(Source information)

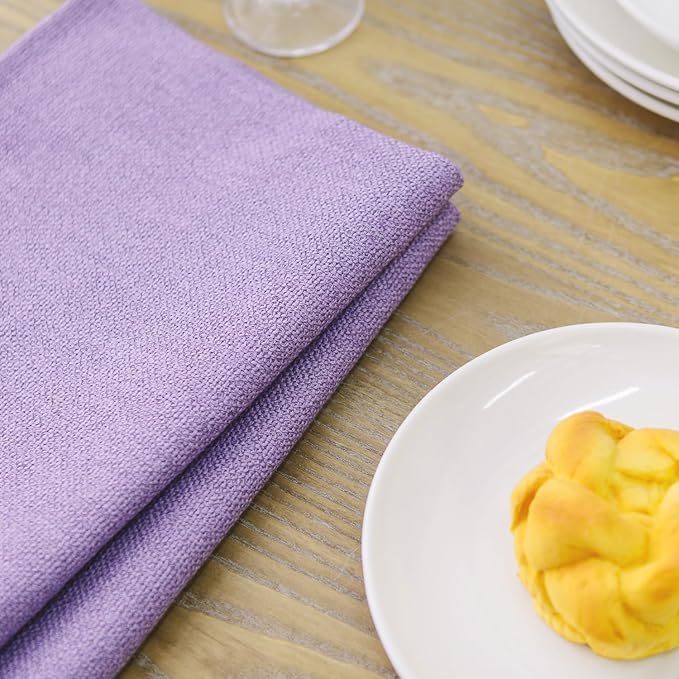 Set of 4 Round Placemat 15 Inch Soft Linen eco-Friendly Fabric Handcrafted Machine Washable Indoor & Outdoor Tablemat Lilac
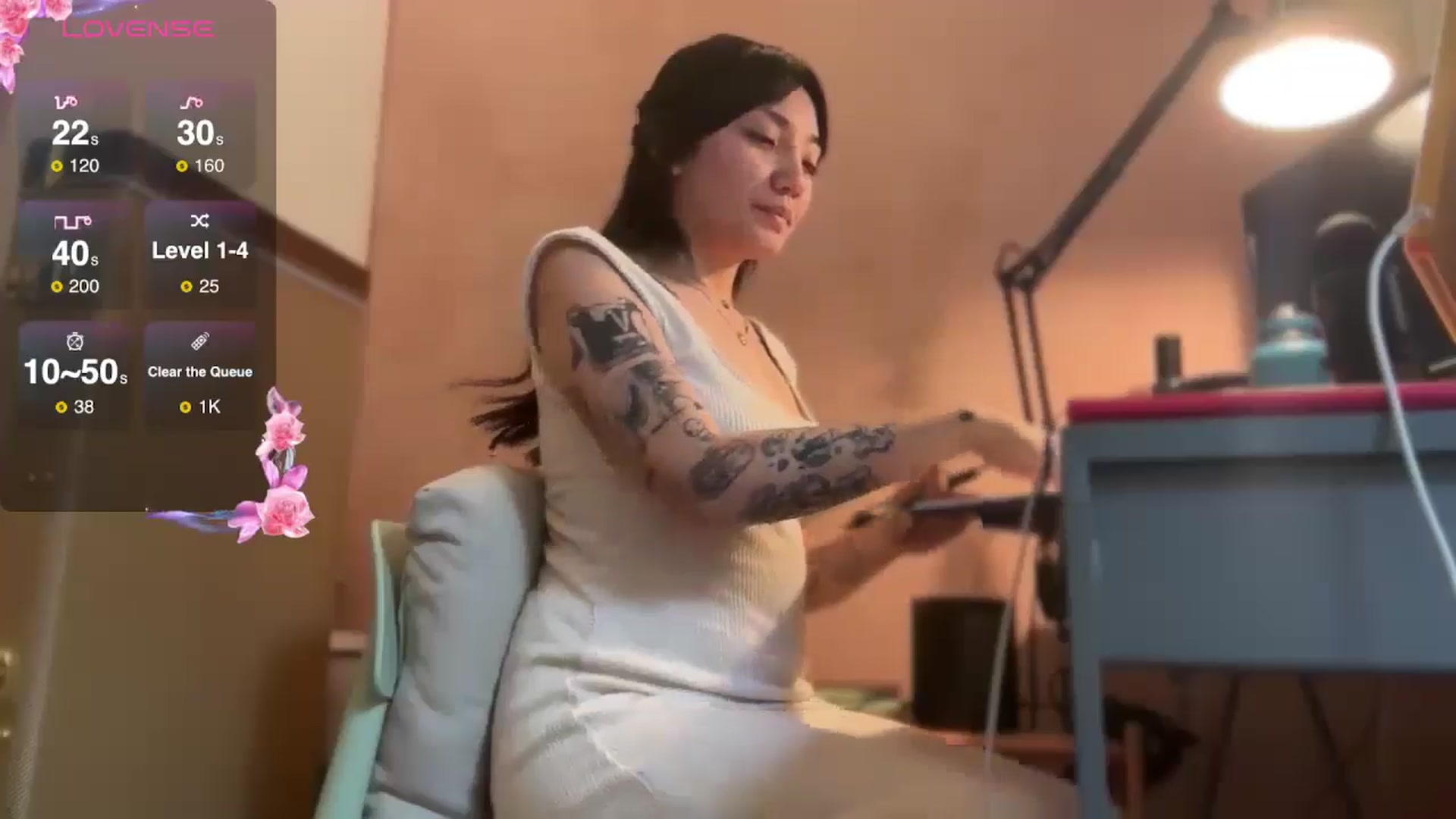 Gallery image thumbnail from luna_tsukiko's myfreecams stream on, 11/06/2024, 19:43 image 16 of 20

(End Source information)
(Source information)

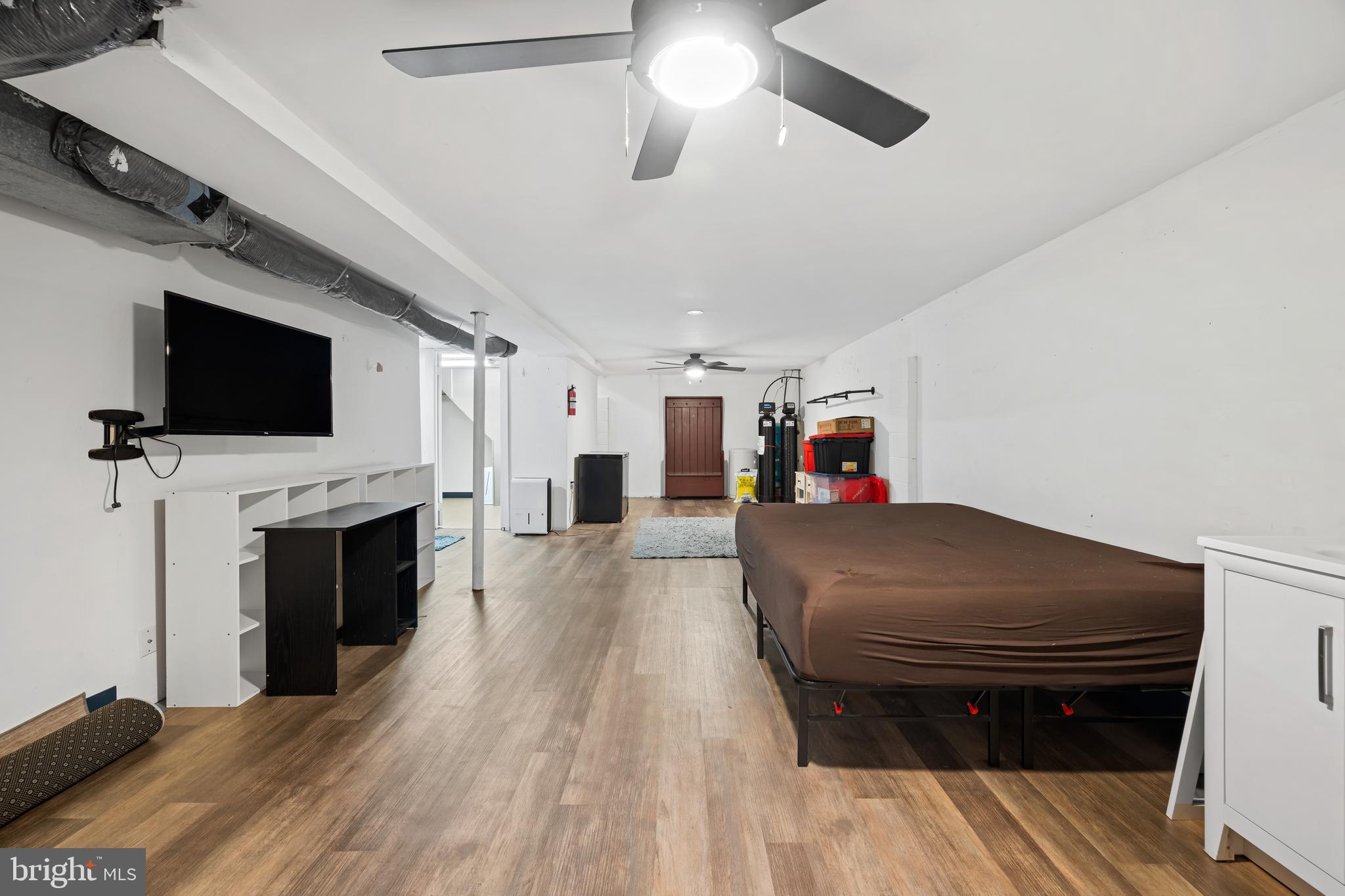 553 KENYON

(End Source information)
(Source information)

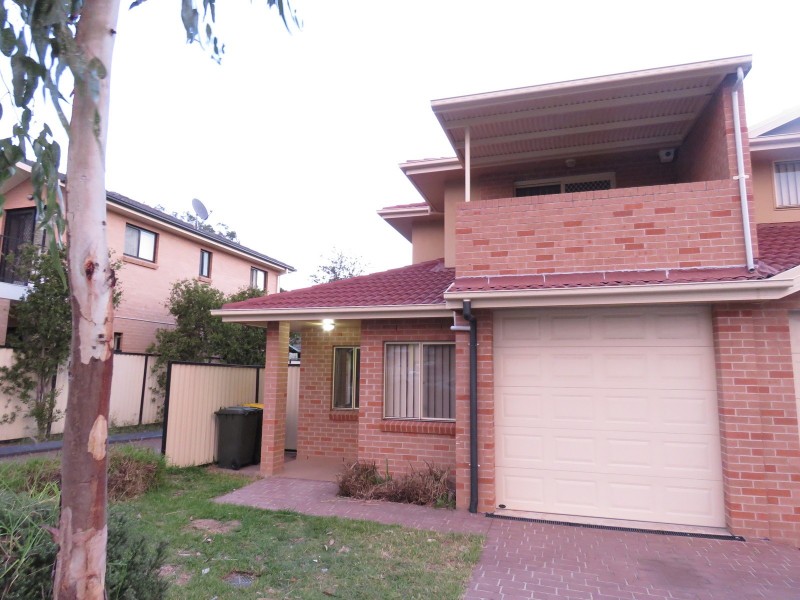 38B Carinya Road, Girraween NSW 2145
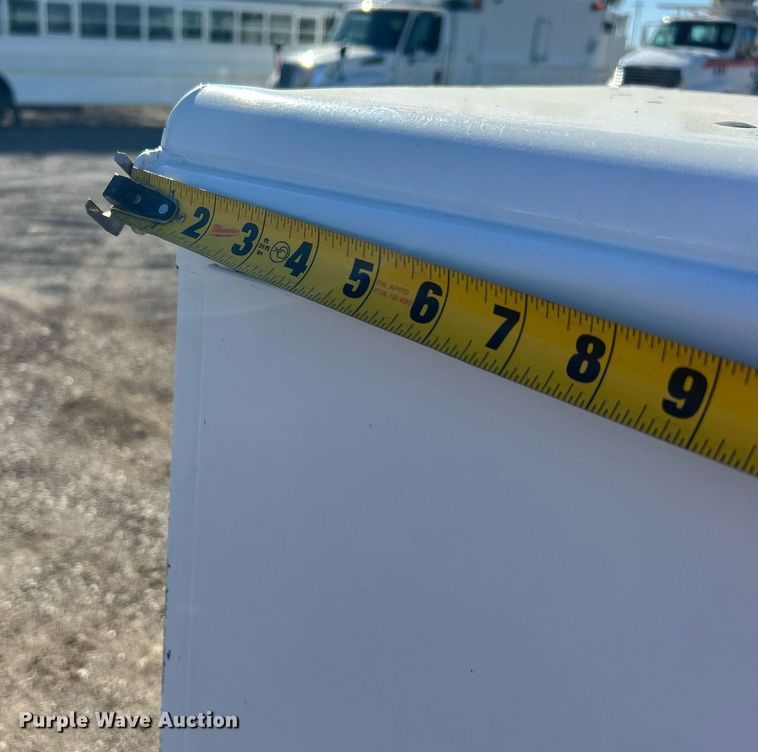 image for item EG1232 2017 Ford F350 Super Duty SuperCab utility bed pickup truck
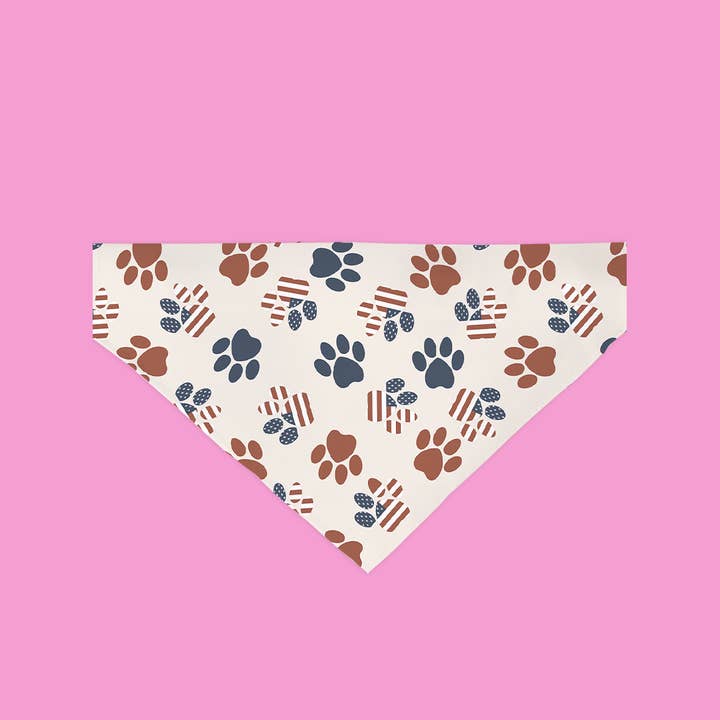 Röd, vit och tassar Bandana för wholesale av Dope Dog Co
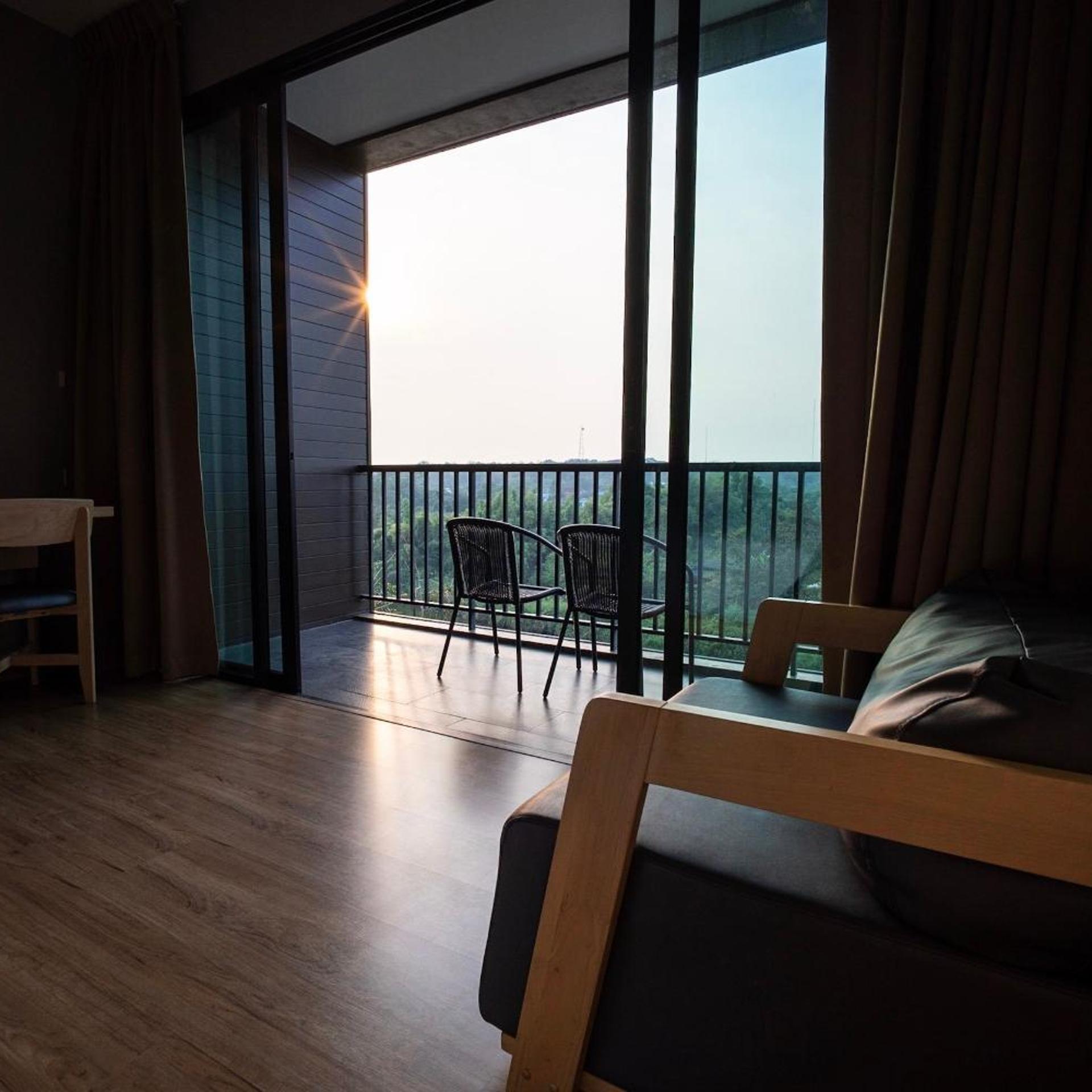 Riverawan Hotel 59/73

(End Source information)

Exercise prompt =
Using the entries above, transcribe exactly from the line that has "Röd, vit och" through the line that has "Riverawan Hotel 59/73". Pictures are dropped.

Worked solution =
 Röd, vit och tassar Bandana för wholesale av Dope Dog Co
 Riverawan Hotel 59/73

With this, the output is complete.